Things go horribly wrong almost as soon as they set out. Shmulik panics, his trigger finger freezing, as a pickup carrying Arab fighters attacks, and the first Israeli casualties are incurred. When Rhino reaches the town, amid horrific scenes of civilian carnage—viewed only through Shmulik’s telescopic gunsight—the men inside become more confused and disoriented. They’re separated from Jamil and their unit, uncertain even about how to exit the town.

All of this is experienced only from inside Rhino; neither the crew, the camera, nor we leave its interior. We’re connected to the events outside only via sounds—including rounds fired at, and sometimes hitting, the tank—radio transmissions, and Shmulik’s gunsight. Except for visits from Jamil, and from one of two vaguely menacing Christian falangists allied with Israel—typically the crew members don’t seem to know what a falangist is—who are supposed to lead the tank to safety, there is no direct contact with fellow soldiers.

Maoz has undertaken, in effect, an experiment that probes the limits of cinema by stringently inhibiting its spatial ambit. But in so limiting his own access to the usual kind of visual opportunities, Maoz has intensified his and our cinematic experience; he’s refined it.

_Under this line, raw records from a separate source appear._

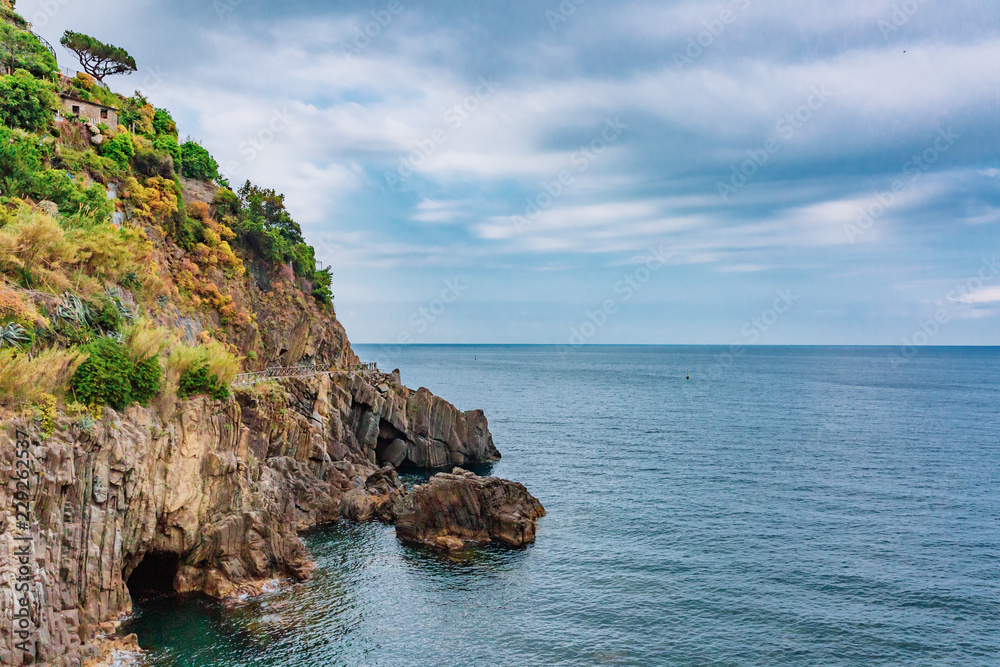 View of the sea from the Riomaggiore, Cinque Terre, Italy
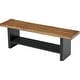 preview thumbnail 9 of 7, 55" Solid Wood Bench Indoor, 2-Tier Farmhouse Entryway Bench with Shoe Storage, Natural - 55.1" W x 12.6" D x 17.7" H
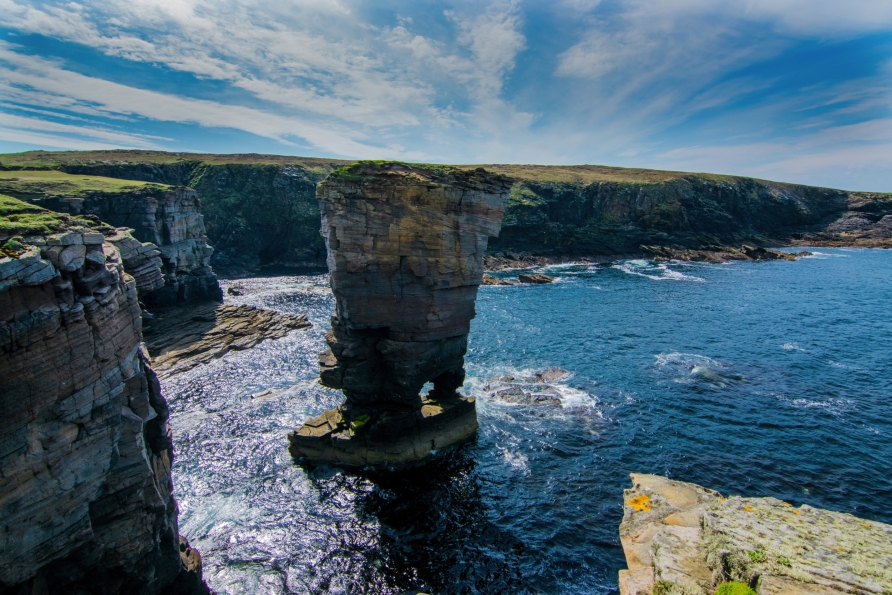 Von Kirkwall aus lohnt sich ein Ausflug zu den Yesnaby Cliffs. Eine beeindruckende Naturlandschaft erwartet Sie.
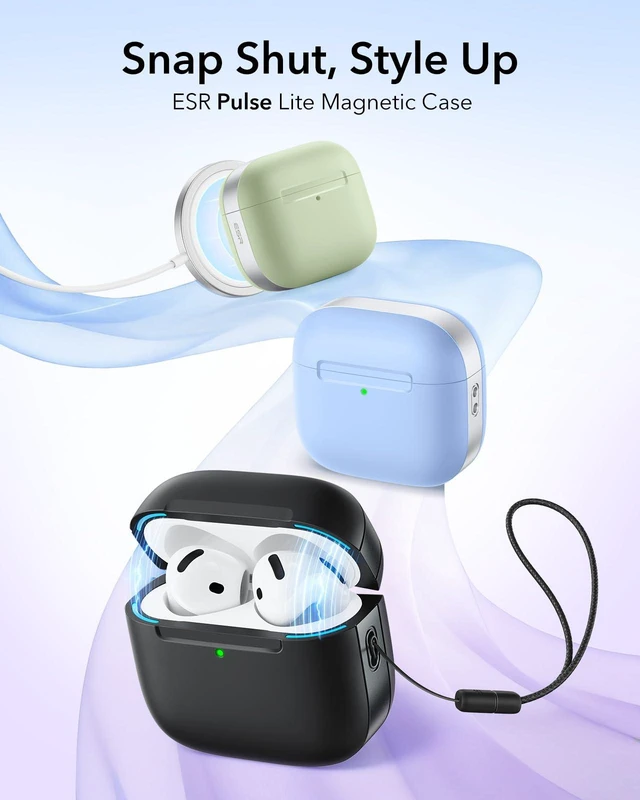 Alt view image 3 of 7 - for AirPods 5/4 Gen Case, Compatible with MagSafe, Pulse Series, Black Compatible With AirPods 5/4 (USB-C), Magnetic Lid, Full Drop Protection, Lanyard, Clear LED Indicator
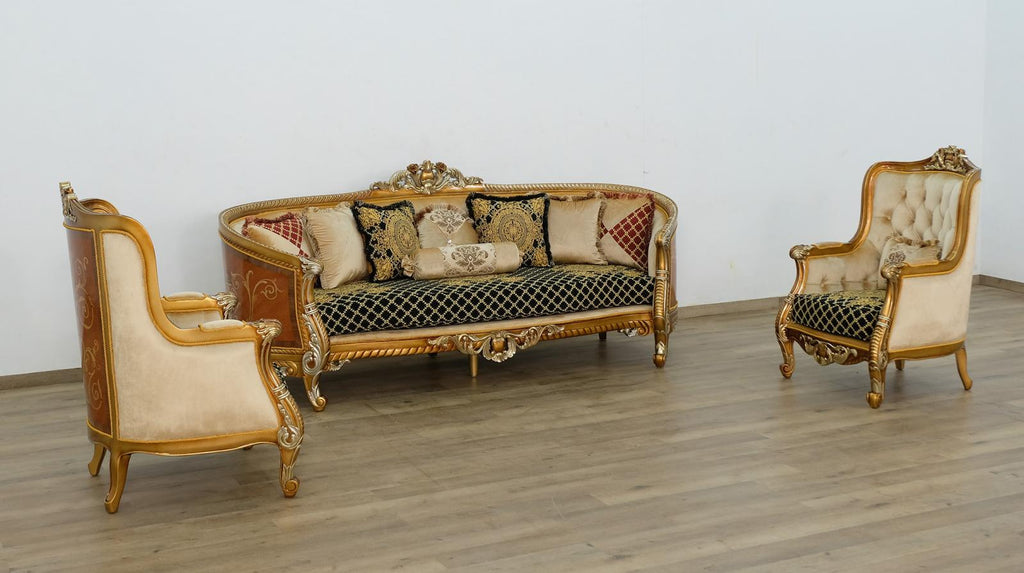 Black & Silver Gold Sofa Set 3 L577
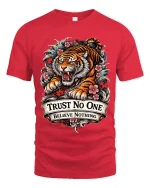 Trust No One Tiger Tshirt Fierce Floral Tattoo Style Graphic - red t-shirt on white background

It’s a small revelation to find out how much drama and visual interest this first-time feature director has been able to create working in such close quarters.

Presumably by coincidence, both the New Yorker’s David Denby and J. Hoberman at the Village Voice have characterized Lebanon as a kind of meeting of French philosopher and playwright Jean Paul Sartre and 1950s American B-movie director Sam Fuller. Fuller may be apposite, but I thought I detected less of Sartre’s No Exit and more of a Kafka-esque tone, informed by touches that call to mind novelist Joseph Heller’s Catch-22. The young men within Rhino are mostly just trying to endure in a perilous situation they can’t quite comprehend. One of them, Hertzel, has only two weeks left to serve, and is quietly dismayed to be told by Jamil that discharges have been frozen for the duration. Hertzel (Oshi Cohen) has a little of Heller’s Yossarian about him; he’s a mouthy, querulous guy whose competence is disdained by Assi (Itay Tiran), the tense, increasingly unstable tank commander. But he demonstrates solid, practical survivalist skills. (The performances are, individually and collectively, a real asset to the film.)

For all its power and intensity, Lebanon isn’t a seamlessly consistent work. Maoz’s control of the material isn’t always sure. The shots of the bloody mayhem in the town are invested with a concentrated excess; they have a sort of Grand Guignol character that almost verges into a grim, grotesque humor. And Maoz can make his points too excessive in other ways, as when, for example, he twice has people outside look reproachfully at the tank’s gunsight, and at us as voyeurs.

A couple of years ago, Ari Folman’s remarkable Israeli animated feature, Waltz with Bashir, recreated the memories and objective experiences of soldiers during the 1982 Israeli invasion, leading up to a devastating political and moral indictment of Israel’s military and civilian leadership. Maoz, like Folman a veteran of that war, seems to have wanted to dramatize an intensified microcosm of the conflict. Because his film’s scale is so much more limited, its “meaning” is less obvious. But it clearly enough privileges the soldiers over those far above who put them and the Lebanese population in harm’s way.